◆ AIM OF THE EXERCISE:
Reprint each record exactly. Pictures are not reprinted.

◆ Crawled caption data:
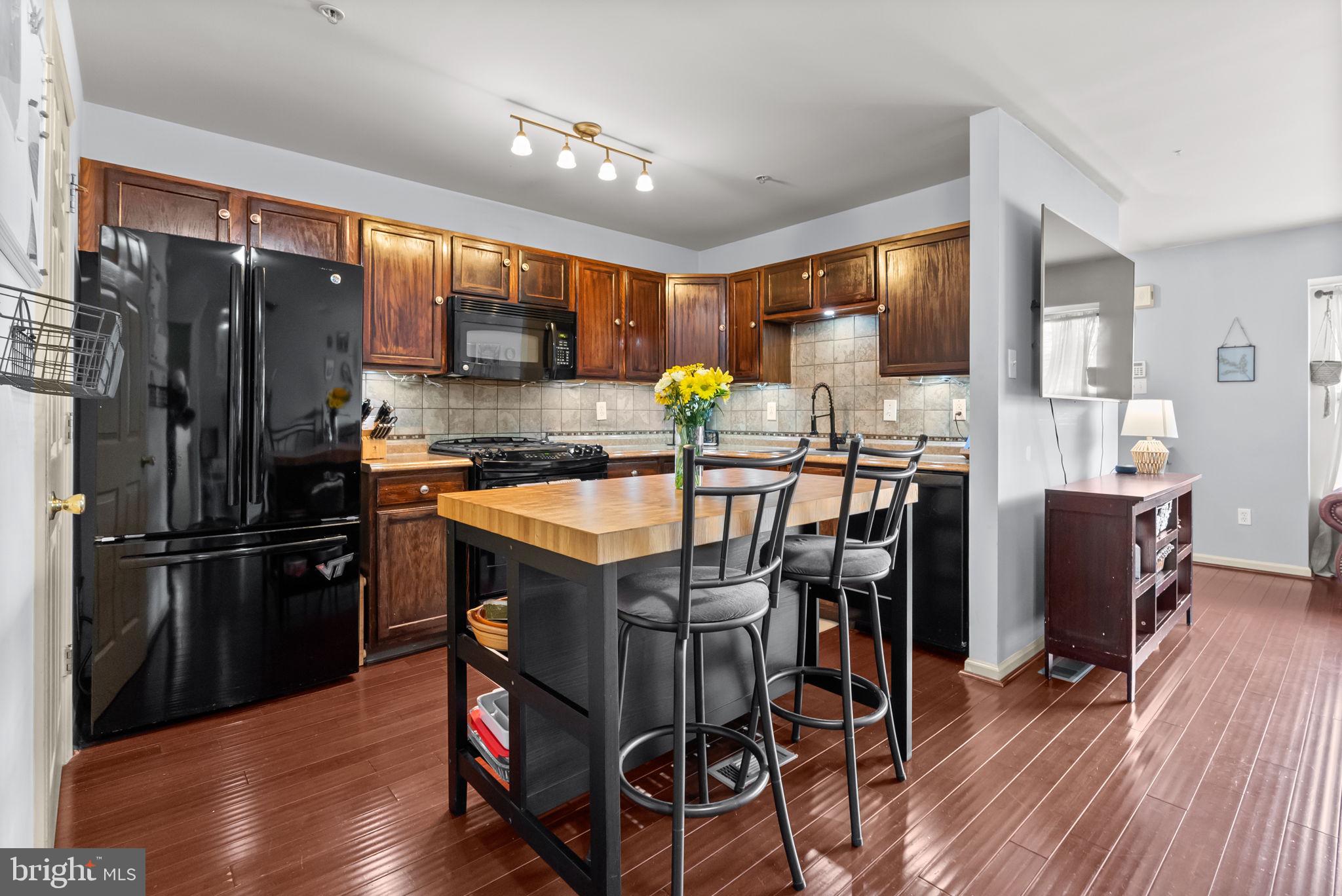 KIMBERTON GREENE - Residential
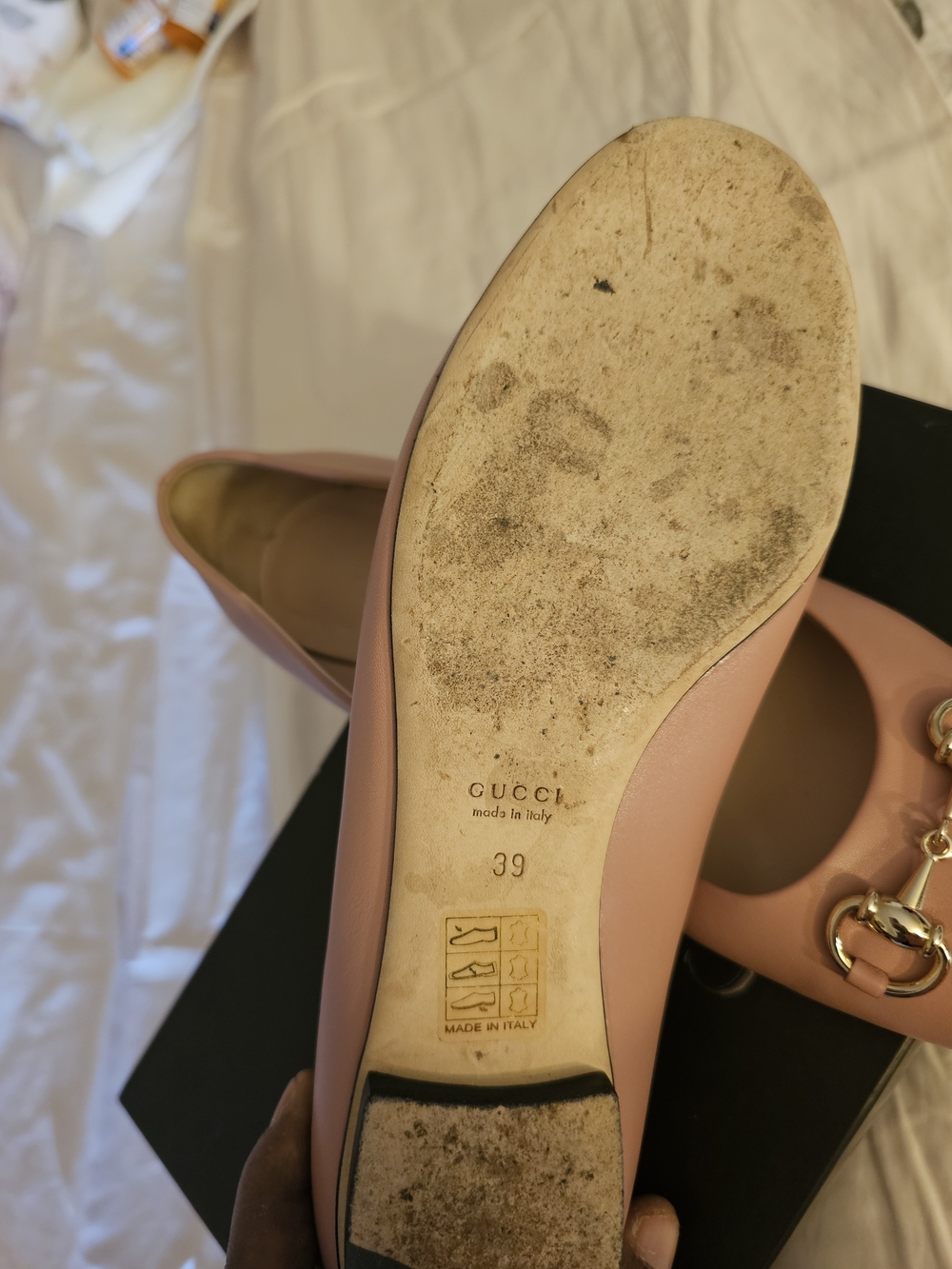 Gucci Dusty Pink Leather Slip-On Flats with Gold Chain - Picture 6 of 6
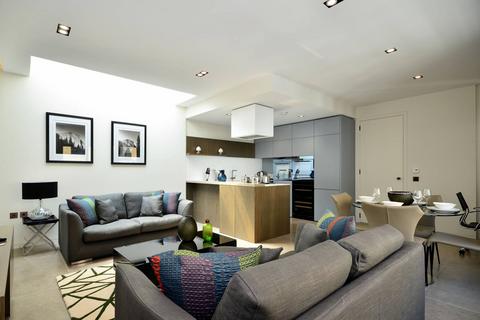 2 bedroom flat to rent, Babmaes Street, St James's, London, SW1Y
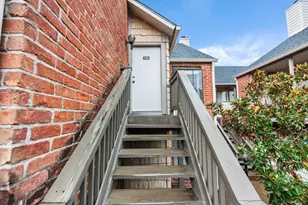 2829 Timmons Ln, Houston, TX 77027 - Photo 2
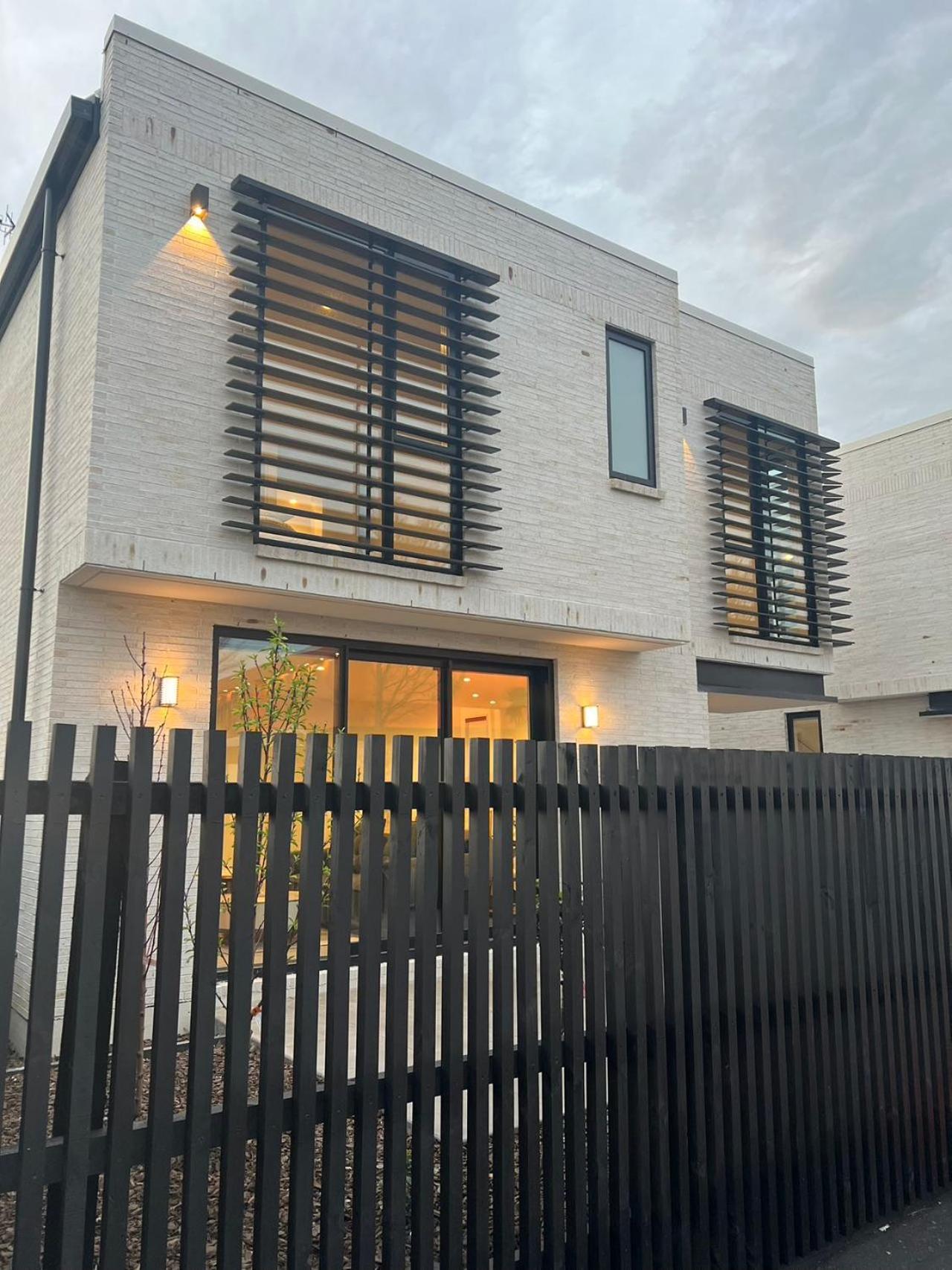 Cbd Contemporary Comfort Townhouse 2 Bed 2Bath Christchurch Eksteriør billede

◆ EXERCISE SOLUTION:
 KIMBERTON GREENE - Residential
 Gucci Dusty Pink Leather Slip-On Flats with Gold Chain - Picture 6 of 6
 2 bedroom flat to rent, Babmaes Street, St James's, London, SW1Y
 2829 Timmons Ln, Houston, TX 77027 - Photo 2
 Cbd Contemporary Comfort Townhouse 2 Bed 2Bath Christchurch Eksteriør billede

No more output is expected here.